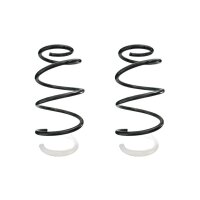 Fahrwerksfeder-Set vorne Schraubenfeder 328mm SPIDAN...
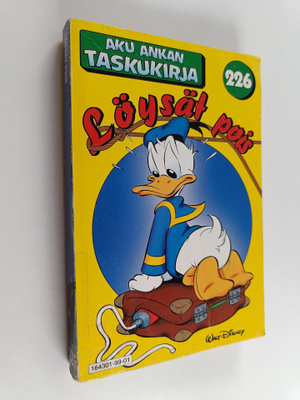 Walt Disney : Löysät pois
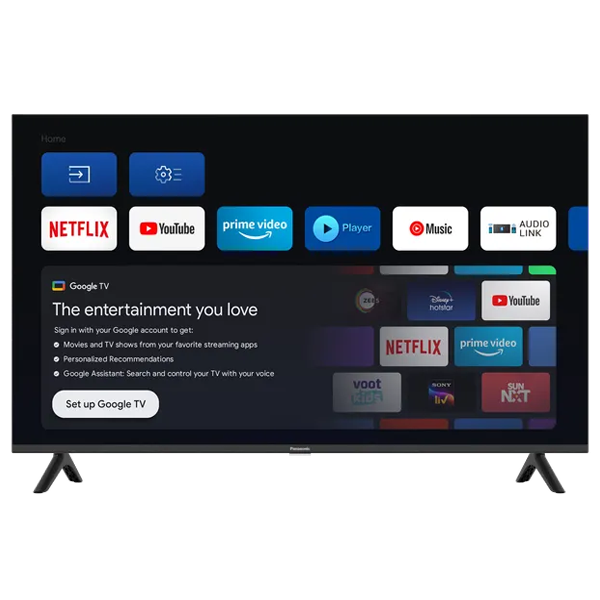 Buy Panasonic 32 inch 80cm TH-32MS680DX HD Ready Android Smart TV - Vasanth and Co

Task statement
With the pictures left out, output exactly the lines from the one with "Walt Disney : Löysät pois" through the end of the listing above, both ends included.

Answer space
 Walt Disney : Löysät pois
 Buy Panasonic 32 inch 80cm TH-32MS680DX HD Ready Android Smart TV - Vasanth and Co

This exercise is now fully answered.